Wayne D. Dodd is an American poet and teacher of poetry from Oklahoma. Dodd was born on September 23, 1930, in Clarita, Oklahoma to Homer Dewey and Maggie Matilda Dodd. As both poet and teacher of poetry (he is a distinguished professor at Ohio University),[1] he has worked, read his poems, and lectured at many colleges, universities, and art centers. He was educated at the University of Oklahoma, receiving his B.A., M.A., and Ph.D. there.[2]
Dodd has published eleven books, including a novel entitled A Time of Hunting (1975),[3] Toward the End of the Century: Essays Into Poetry (1992), and The Blue Salvages[4] for which he was nominated for a National Book Award in 1998. He was nominated for a Pulitzer in 1994 for his poetry book, Of Desire and Disorder. His other poetry books include We Will Wear White Roses, Made in America, and Sometimes Music Rises.
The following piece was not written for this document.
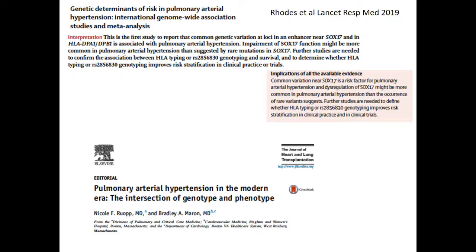A few other genetics publications appeared last year, not all specific to pediatric PH. A genome-wide association study and meta-analysis published in Lancet Respiratory Medicine by Rhodes and colleagues found that a mutation in SOX17 is potentially a risk factor for pulmonary hypertension. An editorial by Rob and Marín in JHLT on the intersection between genotype and phenotype notes that patients may present with quite similar mutations but very different phenotypes — something we should work to better characterize.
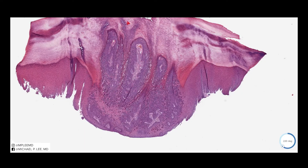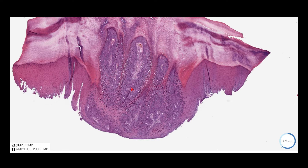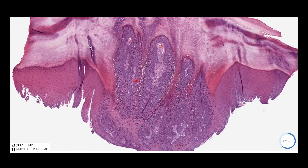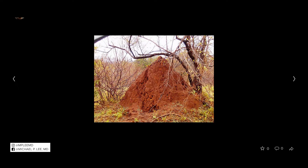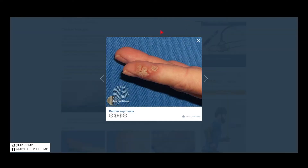Myrmecia is a viral wart that's commonly found on the hands and the feet, or acral. Sometimes we call it a palmoplantar wart, and the reason they're called myrmecia is because of the clinical appearance of it looking like an anthill. This is an anthill — probably the largest anthill in recorded history — and you can see clinically it has this sort of mounded appearance with multiple little warts here.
Mr. Dodd's work has been honored by nominations for the Pulitzer Prize and the National Book Critics Circle Award for Poetry and has been a finalist for the American Academy of Poets' Lenore Marshall Poetry Prize. Among the literary awards and recognitions he has received are grants from the National Endowment for the Arts and the Ohio Arts Council, and fellowships from the Rockefeller Foundation and the United States Park Service. He is the recipient of the Krout Memorial Award for Lifetime Achievement from the Ohioana Library Association, the Patterson Award in Poetry and the 2001 Governor's Award for the Arts/Individual Artist Award.